Others have argued that the basis of rights is the common good. But what the common good is, is debatable. Indeed there is no common good when 2 persons debate over one’s right to play loud music and the other’s right to quietness for reflection and relaxation. Still others have argued that the rights of the majority should form the basis. Indeed, minorities will reject this outright.
Even if Sri Lanka were a homogeneous society, this would pose problems. The coal power plant in Norachcholai will provide the maximum good for the majority by providing cheap electricity for all Sri Lankans. But those in the locality of Norachcholai would appear to have higher rights when their health is affected even though they too will receive cheap electricity.

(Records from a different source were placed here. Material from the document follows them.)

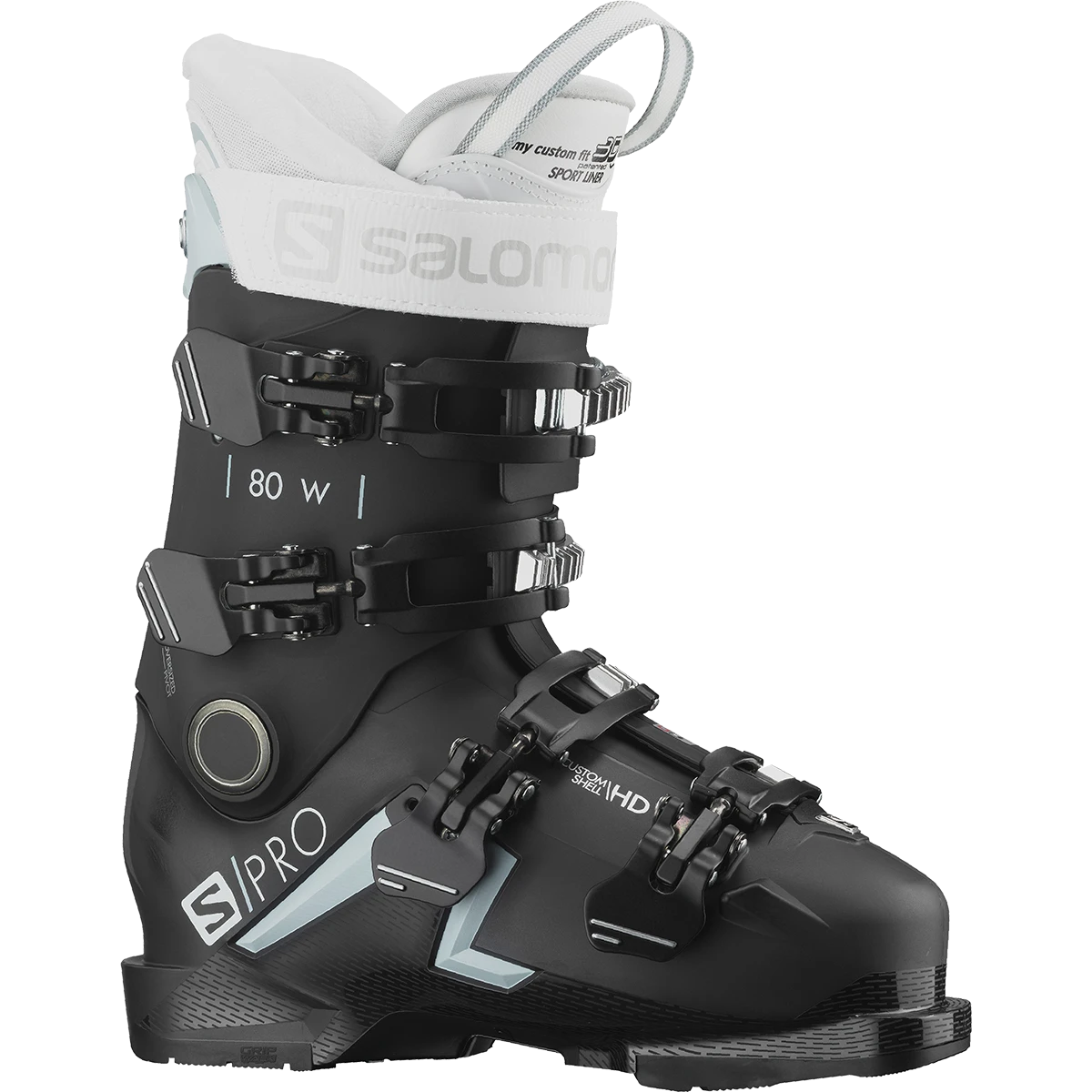 Salomon Women's S/PRO 80 W CS GW 3 Salomon Women's S/PRO 80 W CS GW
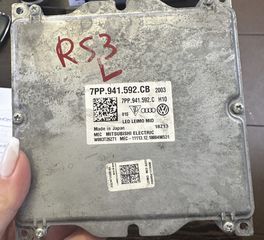 AUDI RS3 2019 ΜΟΝΑΔΑ LED 7PP941592CB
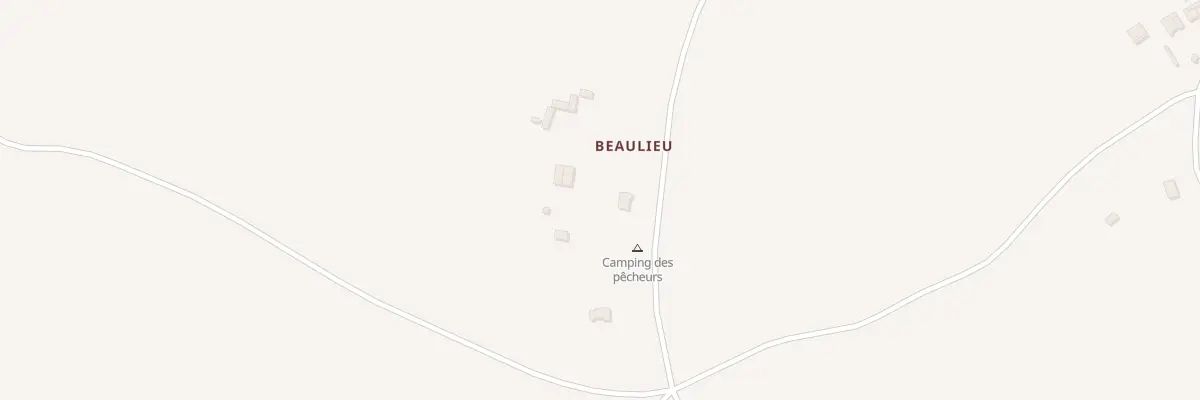 Plan du 5026A Beaulieu à Saint-Rieul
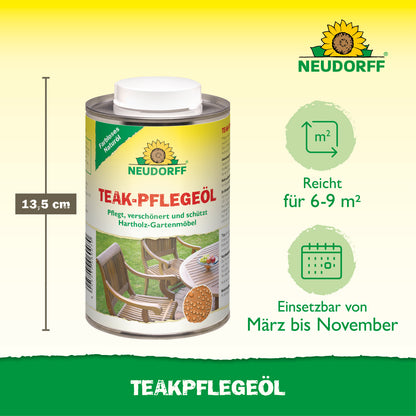TeakPflegeÖl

My wife and I, in the International Journal of Engineering Education, have argued for social consensus as reflected in human rights legislation and conventions, as a religiously neutral basis for human rights. Even though this cannot be a universal basis when there is no social consensus, in Sri Lanka we are moving towards such a consensus on human rights.
Keeping in mind that the rights of all Sri Lankans to cheap electricity are counterpoised against the rights of the residents of Norachcholai, we have proposed in our paper the concept of a hierarchy of rights.
For example, the right to life of the Convention on Civil and Political Rights, anyone would concede, supercedes the right to vacations with pay in the Convention on Economic, Social and Cultural Rights. When the two are in conflict, the right to life must prevail.
The hope then is that judicial decisions will in time establish this hierarchy.
When our paper was reviewed prior to publication, an anonymous reviewer objected to judges determining which right of any two is the higher.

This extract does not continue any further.